These departments have direct impact on movements in the warehouse as shown above with push and pull triggers. When other departments are not involved in the project, they might not see the value of extra registration of e.g. master data and a new way of ordering goods for production and/or shipping. If this is the case, you risk missing buy-in from management and shop floor employees and face big challenges in the change management efforts.
For that reason, engagement and alignment between departments are key for your success when implementing WMS.
3. Hardware neglection (wi-fi spots, label printers, hand scanners, barcode labels etc.)
Companies often neglect hardware in the project plan, and – in some cases– this can cause a postponement of a go-live date. Essentially, if you have not made sure that all wi-fi spots are installed, or if label printers are not configured or delivered yet, your WMS can’t function.

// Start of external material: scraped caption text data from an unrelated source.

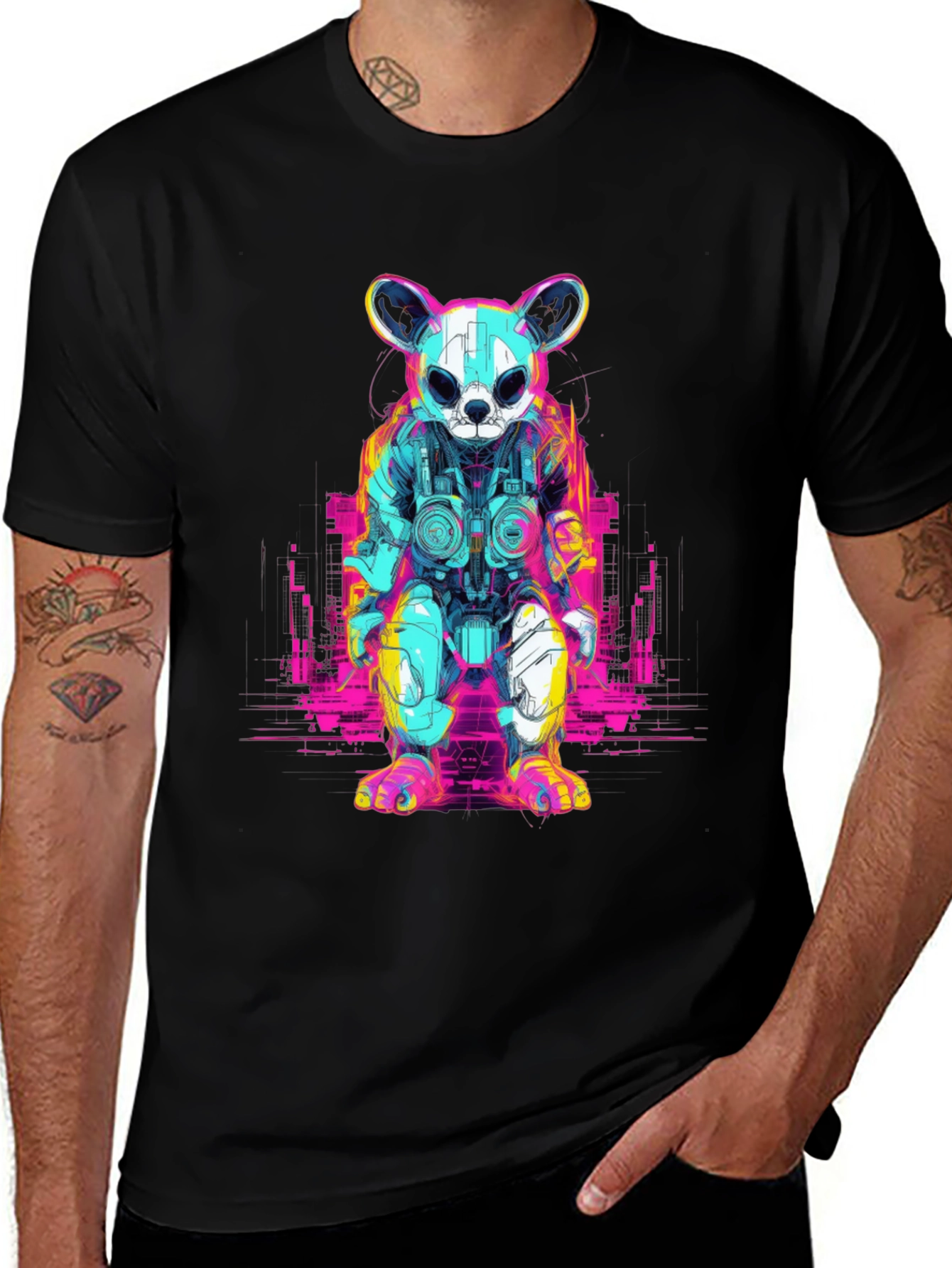 Cyberpunk Bear Graphic T-Shirt - Black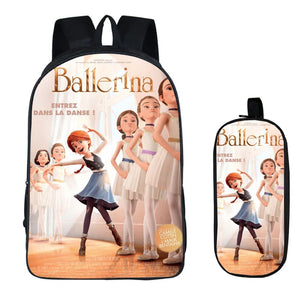 16 Inch Ballerina 2PC Set with Pencil Case Students Backpacks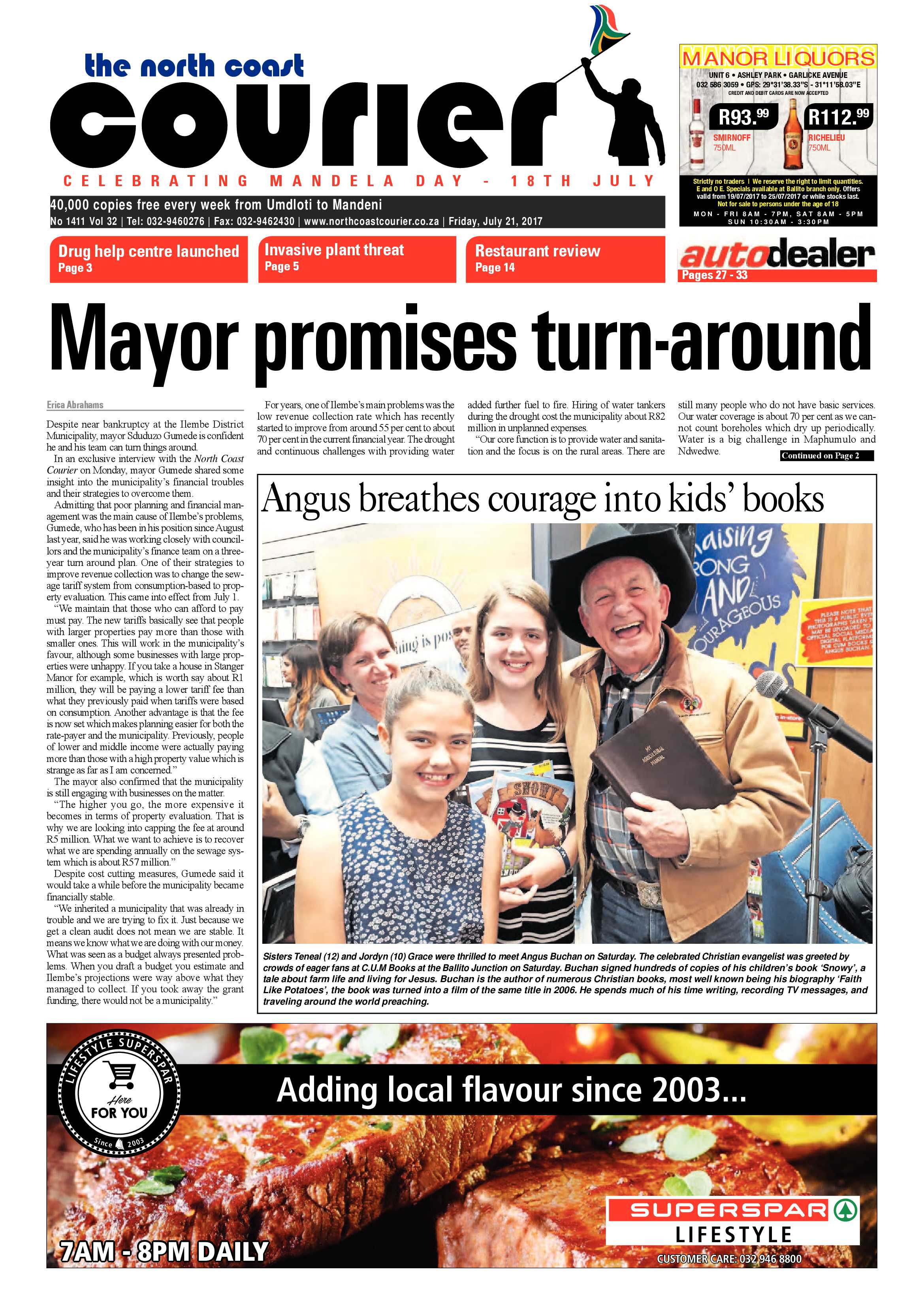 The North Coast Courier – 21 July 2017 page 1
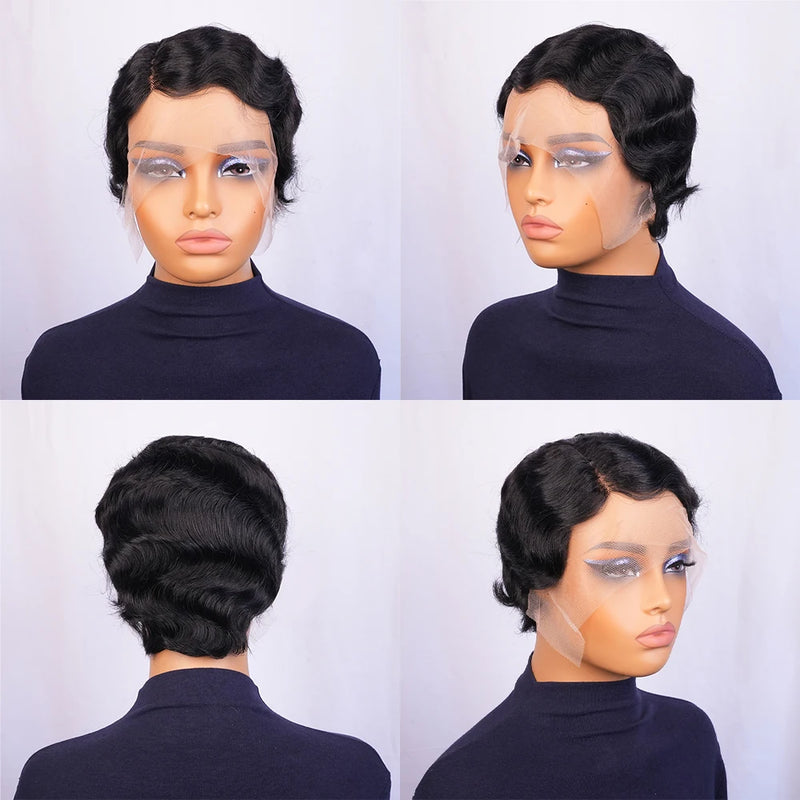 13x4 Transparent Lace Front Short Pixie Cut Wig Finger Waves Brazilian Human Hair Wigs with Pre Plucked Bangs Glueless for Women
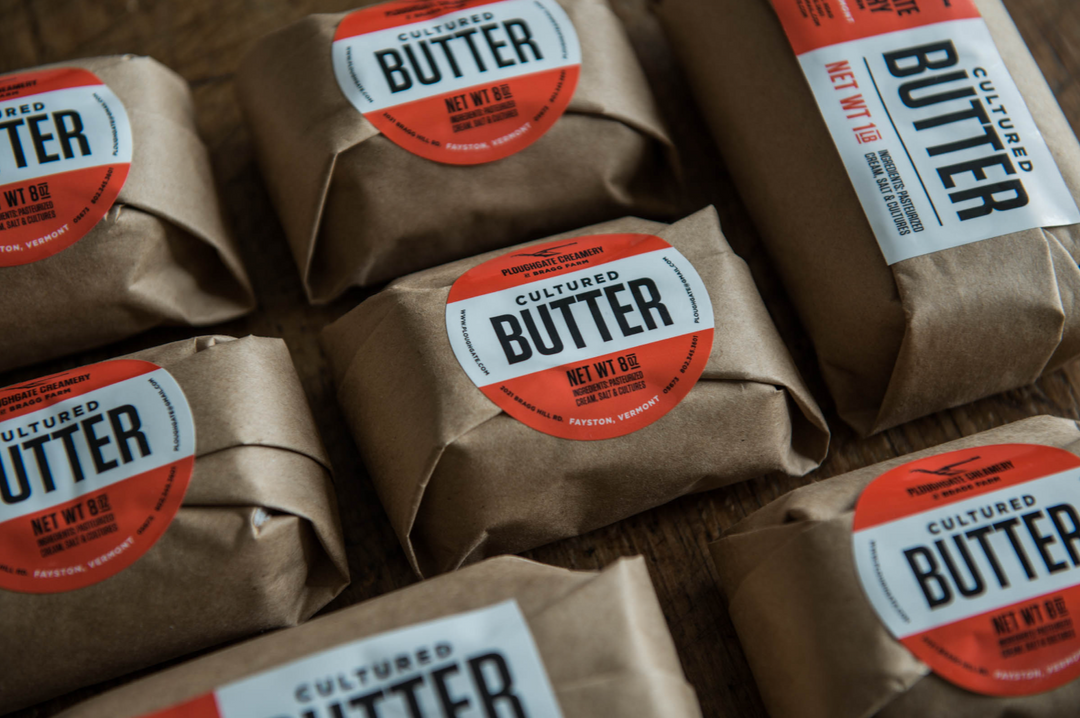 Ploughgate butter hand wrapped in kraft paper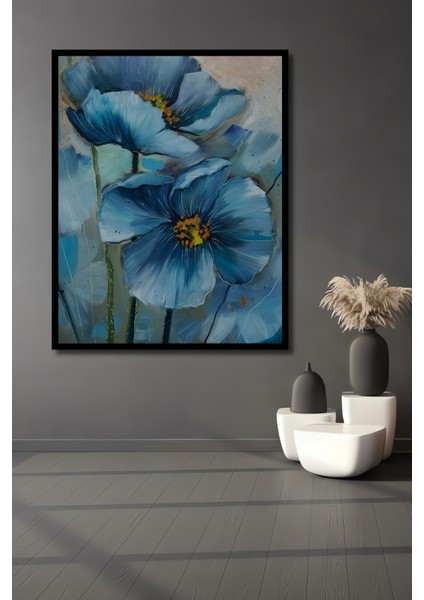 Çerçeve Görünümlü Mavi Gelincik Çiçekleri Dekoratif Ahşap Mdf Tablo Dikdörtgen Tablo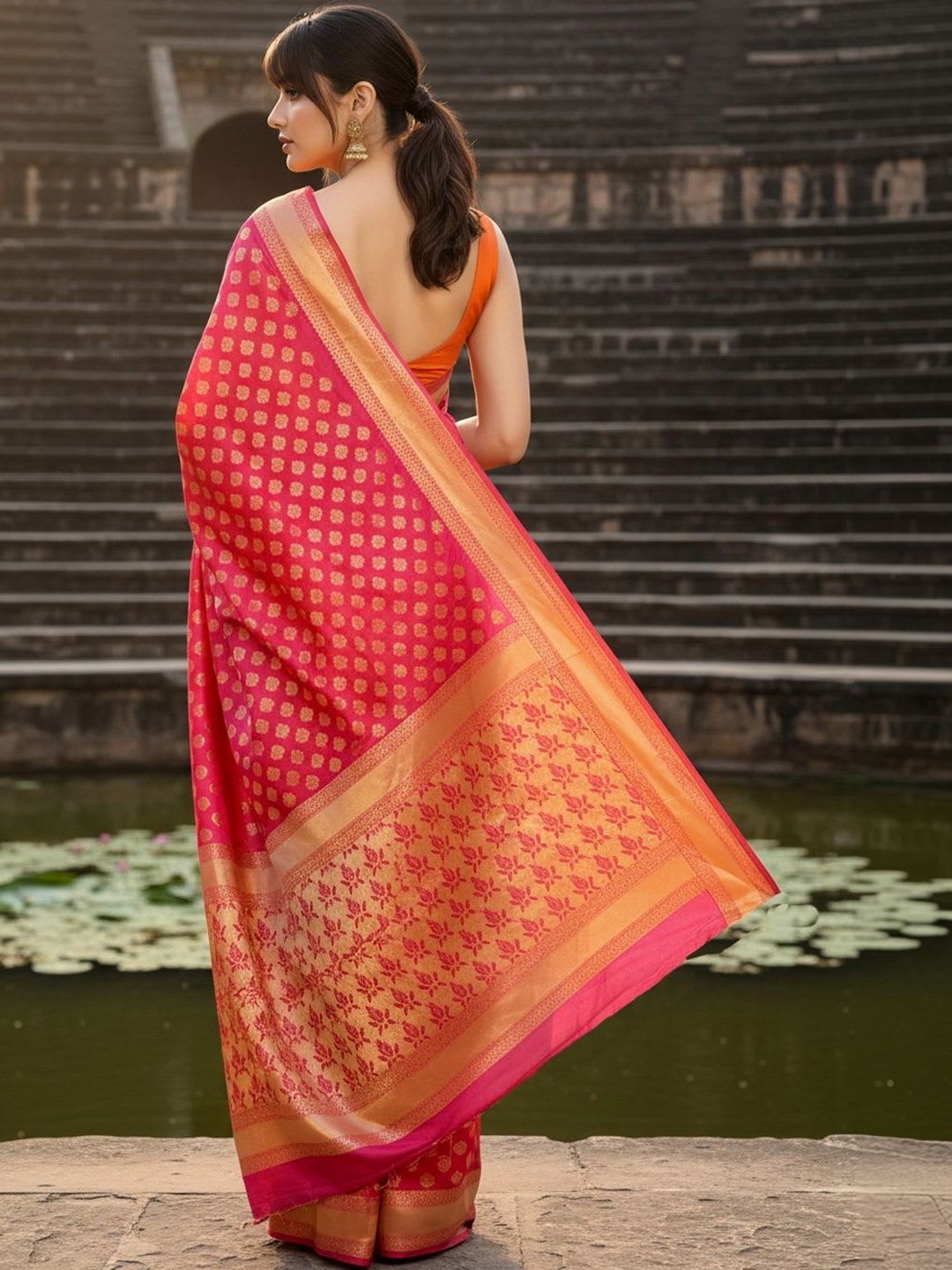FABLAND Woven Design Zari Silk Blend Banarasi Saree - left view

We recommend involving the technical team early so they can explore different suppliers for test units prior to deciding and buying multiple hardware. Further, we also see that a practical activity such as ordering barcode labels can be a common pitfall due to neglection and delivery time if it is a major warehouse.
4. Neglection of language barriers
In projects in general, language is a common barrier when people from different countries work together. For WMS implementations, it is often an even bigger challenge. The warehouse workers may not be confident in speaking English, and the global project team may not be able to speak the local language. This can cause misunderstandings and generally slow down the progress during the project.
If possible, you can cope with this pitfall by pursuing to execute the project in the local language, or you can have a local middleman to help with translating and gathering information from the warehouse workers. Alternatively, you can involve specific warehouse employees with a higher level of English, although you should keep the training and other parts of the change management activities in the local language.
5. Lack of consideration for summer workers/churn of warehouse workers
Many warehouses often have temporary workers, e.g. during the summer period. Therefore, it is important that it doesn’t take too much time to train new workers in operating the WMS devices. If the devices or WMS solution are not intuitive, and if there are many unique processes and exceptions, it will be a cost driver for the warehouse.
You can cope with this by minimising complexity, i.e. minimising the amount of actions that can be done on the hand-held device and look for an intuitive user interface. This can be key for companies that often have summer workers or a high churn rate in warehouse employees.
6. Too much focus on supporting current processes – even if they are inefficient
There is a tendency to have a requirement sounding like the following: “We should at least be able to do what we do today”. While this might sound fair, it also gives a wrong perspective in the design of the WMS solution. It results in a focus on whether the new system can cover the existing functionality rather than analysing the current processes and how they can be redesigned for the better with the new WMS.
Therefore, we recommend that you – in your perspective and communication – move towards new and more effective warehouse operations with room for adjustment and redefinition of the process landscape for the warehouse.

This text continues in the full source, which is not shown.